Menteri Keuangan, Sri Mulyani angkat bicara mengenai julukan “menteri keuangan tukang utang” yang sering disematkan padanya. Dalam pandangannya, julukan tersebut perlu dikoreksi, karena utang merupakan salah satu instrumen penting dalam membangun bangsa. Dalam memajukan pembangunan, ada berbagai instrumen yang bisa digunakan, seperti pajak, subsidi, dan ekuitas.
Namun, Sri Mulyani menekankan bahwa di tengah tantangan kompleks dan keterbatasan APBN, pemerintah perlu mencari instrumen lain, dan utang menjadi salah satu pilihan untuk menambal kebutuhan pembangunan. Menurut Sri Mulyani, negara-negara lain juga menggunakan utang untuk membiayai berbagai kebutuhan, termasuk menghadapi krisis iklim yang memerlukan dana besar. Hanya mengandalkan APBN saja tidak akan mencukupi untuk mengatasi tantangan pembangunan.
Namun, Sri Mulyani menegaskan bahwa pemerintah tidak sembarangan memanfaatkan utang sebagai instrumen. Keputusan penggunaan utang dilakukan dengan pertimbangan matang untuk memastikan keberlanjutan dan keberhasilan pembangunan.
Data dari Kementerian Keuangan menunjukkan bahwa per akhir Mei, utang pemerintah tercatat sebesar Rp7.787,51 triliun, yang terdiri dari Surat Berharga Negara (SBN) dan pinjaman.

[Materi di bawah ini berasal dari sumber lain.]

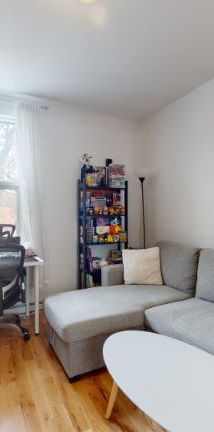 4 1/2 - Montréal - 1 950 $/mois - Photo 1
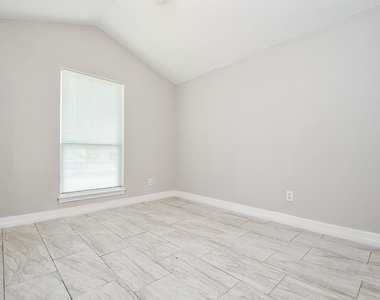5811 Greencraig Drive - Photo Thumbnail 17
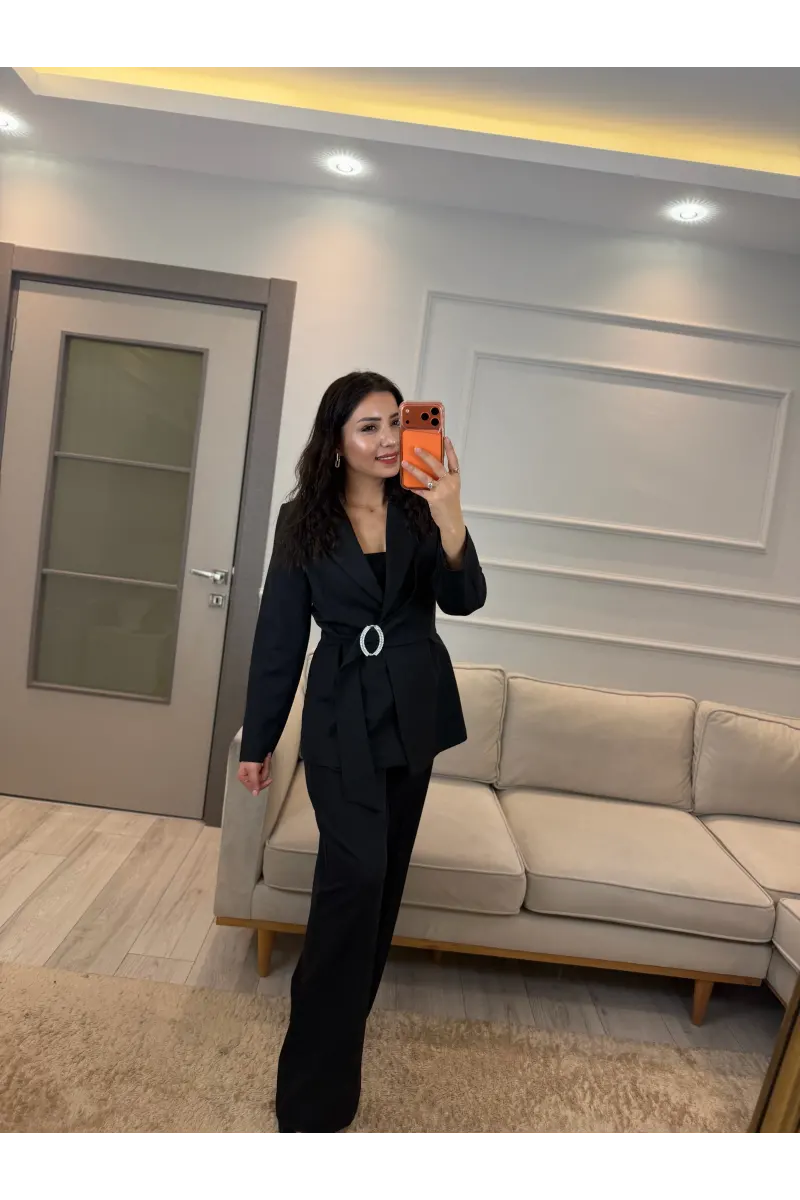 Broş Taş Detaylı Blazer Ceket Takım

Meskipun utang tersebut ada, rasio utang terhadap PDB masih jauh lebih rendah dari batas yang ditetapkan dalam UU Keuangan Negara, yaitu 37,85 persen dari PDB, yang masih jauh di bawah batas maksimum 60 persen.
Menteri Keuangan berharap masyarakat dapat memahami pentingnya utang sebagai instrumen dalam pembangunan dan bagaimana pengelolaannya yang bertanggung jawab untuk keberlanjutan pertumbuhan ekonomi dan kesejahteraan rakyat.